**PROBLEM DETAILS**
Your answer should hold every line of the records below that contains the string "серый".

**Items from a data source**
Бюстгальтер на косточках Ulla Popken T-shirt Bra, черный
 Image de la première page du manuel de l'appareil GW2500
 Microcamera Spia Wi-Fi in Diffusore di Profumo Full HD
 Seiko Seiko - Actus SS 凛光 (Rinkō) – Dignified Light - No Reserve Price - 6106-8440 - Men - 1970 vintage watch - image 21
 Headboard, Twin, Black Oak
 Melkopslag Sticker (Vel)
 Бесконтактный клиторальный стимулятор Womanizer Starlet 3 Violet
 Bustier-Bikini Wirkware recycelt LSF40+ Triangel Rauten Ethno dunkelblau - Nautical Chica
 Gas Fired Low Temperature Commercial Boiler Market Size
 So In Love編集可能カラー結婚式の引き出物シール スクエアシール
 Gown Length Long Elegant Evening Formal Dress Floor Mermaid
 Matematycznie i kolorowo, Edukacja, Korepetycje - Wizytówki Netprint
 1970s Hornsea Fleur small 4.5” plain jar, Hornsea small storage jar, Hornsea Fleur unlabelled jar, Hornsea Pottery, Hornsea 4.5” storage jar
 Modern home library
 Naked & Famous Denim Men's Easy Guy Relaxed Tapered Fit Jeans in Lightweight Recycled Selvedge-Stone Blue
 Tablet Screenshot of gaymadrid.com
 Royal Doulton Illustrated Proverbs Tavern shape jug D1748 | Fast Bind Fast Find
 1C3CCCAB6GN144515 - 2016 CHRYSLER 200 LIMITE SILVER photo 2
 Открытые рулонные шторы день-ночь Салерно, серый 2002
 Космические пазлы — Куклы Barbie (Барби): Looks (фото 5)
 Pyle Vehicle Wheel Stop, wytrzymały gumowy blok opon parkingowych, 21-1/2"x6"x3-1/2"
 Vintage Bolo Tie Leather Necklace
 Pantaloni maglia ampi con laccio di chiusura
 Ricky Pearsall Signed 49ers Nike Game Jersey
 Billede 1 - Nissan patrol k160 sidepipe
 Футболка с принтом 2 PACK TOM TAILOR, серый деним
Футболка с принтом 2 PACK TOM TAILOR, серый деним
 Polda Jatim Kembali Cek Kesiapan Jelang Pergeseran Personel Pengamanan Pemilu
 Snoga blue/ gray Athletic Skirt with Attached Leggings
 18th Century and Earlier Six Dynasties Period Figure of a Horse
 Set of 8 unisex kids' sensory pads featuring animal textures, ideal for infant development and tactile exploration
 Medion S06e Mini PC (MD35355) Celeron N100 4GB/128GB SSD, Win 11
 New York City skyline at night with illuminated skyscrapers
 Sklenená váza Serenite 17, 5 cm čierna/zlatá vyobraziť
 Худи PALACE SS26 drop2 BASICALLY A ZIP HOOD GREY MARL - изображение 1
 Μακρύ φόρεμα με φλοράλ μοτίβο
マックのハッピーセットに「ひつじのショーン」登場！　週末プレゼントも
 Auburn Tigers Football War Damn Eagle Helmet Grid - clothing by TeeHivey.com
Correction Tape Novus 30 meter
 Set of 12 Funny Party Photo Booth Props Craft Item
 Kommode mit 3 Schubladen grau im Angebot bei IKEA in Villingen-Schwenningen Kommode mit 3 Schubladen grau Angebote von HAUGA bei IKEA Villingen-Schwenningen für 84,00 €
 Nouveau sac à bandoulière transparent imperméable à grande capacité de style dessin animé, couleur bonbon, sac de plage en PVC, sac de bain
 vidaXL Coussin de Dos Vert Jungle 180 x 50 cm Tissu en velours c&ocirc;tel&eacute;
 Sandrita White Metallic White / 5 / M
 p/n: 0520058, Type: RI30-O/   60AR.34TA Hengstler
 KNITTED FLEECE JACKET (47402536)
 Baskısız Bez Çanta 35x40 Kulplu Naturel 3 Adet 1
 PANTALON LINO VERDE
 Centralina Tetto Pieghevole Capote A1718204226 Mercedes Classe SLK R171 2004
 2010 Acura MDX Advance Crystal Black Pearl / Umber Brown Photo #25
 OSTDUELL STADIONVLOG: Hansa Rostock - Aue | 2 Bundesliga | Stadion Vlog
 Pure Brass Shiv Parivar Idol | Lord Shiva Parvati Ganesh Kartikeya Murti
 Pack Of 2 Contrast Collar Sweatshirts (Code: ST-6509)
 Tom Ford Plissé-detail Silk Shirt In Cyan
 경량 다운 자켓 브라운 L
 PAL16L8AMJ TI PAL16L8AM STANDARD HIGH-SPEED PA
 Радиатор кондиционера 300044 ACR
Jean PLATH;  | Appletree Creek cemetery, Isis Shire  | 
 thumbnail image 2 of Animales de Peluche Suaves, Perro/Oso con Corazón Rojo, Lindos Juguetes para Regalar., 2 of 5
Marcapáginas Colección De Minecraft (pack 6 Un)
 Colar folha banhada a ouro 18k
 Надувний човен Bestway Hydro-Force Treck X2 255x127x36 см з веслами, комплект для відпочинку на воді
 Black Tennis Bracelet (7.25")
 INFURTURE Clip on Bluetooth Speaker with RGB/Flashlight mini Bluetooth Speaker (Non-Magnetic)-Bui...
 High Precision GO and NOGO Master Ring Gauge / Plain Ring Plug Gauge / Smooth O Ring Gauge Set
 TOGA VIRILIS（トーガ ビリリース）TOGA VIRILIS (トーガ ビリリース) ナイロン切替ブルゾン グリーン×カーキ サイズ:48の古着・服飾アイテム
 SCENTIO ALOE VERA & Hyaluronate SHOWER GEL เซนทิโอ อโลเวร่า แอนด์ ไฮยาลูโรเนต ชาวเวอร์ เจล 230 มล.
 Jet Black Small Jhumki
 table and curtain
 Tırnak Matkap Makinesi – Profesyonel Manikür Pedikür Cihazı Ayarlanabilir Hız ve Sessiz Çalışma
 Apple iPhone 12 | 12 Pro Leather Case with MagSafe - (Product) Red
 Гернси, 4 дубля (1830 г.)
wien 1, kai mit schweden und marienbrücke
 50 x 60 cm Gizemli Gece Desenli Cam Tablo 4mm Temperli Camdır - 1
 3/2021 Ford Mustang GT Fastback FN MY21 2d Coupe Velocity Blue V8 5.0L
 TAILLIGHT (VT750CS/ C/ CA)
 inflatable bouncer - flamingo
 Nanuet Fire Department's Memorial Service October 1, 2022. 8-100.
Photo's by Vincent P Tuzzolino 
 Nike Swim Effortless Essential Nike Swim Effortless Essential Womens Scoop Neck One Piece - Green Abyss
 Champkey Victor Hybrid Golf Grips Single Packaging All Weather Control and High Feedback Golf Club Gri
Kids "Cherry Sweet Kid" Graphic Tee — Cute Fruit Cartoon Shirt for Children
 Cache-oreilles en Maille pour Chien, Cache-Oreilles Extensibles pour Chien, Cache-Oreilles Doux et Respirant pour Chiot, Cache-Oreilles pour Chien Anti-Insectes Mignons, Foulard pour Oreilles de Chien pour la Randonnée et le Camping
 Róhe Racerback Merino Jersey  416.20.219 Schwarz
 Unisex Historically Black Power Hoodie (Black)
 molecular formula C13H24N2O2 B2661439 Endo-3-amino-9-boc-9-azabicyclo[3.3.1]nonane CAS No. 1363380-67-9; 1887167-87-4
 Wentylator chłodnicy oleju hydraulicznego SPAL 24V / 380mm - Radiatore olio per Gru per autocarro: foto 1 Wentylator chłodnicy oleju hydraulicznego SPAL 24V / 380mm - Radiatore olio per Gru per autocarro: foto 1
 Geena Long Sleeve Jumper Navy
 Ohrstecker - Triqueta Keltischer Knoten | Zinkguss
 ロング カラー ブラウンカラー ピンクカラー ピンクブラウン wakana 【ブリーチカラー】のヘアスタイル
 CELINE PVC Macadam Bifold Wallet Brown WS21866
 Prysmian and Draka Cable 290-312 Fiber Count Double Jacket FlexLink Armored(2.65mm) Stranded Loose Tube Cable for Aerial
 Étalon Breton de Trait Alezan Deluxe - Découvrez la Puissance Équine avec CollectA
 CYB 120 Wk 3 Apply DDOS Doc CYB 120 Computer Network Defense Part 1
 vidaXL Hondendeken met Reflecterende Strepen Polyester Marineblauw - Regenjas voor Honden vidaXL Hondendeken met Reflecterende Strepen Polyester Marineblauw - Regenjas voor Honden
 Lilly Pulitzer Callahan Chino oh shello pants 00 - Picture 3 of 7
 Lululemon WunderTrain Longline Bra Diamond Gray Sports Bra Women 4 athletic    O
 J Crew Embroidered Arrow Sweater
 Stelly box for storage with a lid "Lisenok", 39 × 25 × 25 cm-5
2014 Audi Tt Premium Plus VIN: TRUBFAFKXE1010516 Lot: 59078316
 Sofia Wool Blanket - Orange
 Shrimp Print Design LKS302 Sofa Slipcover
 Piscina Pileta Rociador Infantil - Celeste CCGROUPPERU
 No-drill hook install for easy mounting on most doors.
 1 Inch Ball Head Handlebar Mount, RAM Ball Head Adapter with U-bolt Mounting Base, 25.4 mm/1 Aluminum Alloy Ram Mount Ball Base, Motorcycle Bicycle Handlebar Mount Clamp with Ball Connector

**ANSWER TO THIS TASK**
 Открытые рулонные шторы день-ночь Салерно, серый 2002
 Футболка с принтом 2 PACK TOM TAILOR, серый деним
Футболка с принтом 2 PACK TOM TAILOR, серый деним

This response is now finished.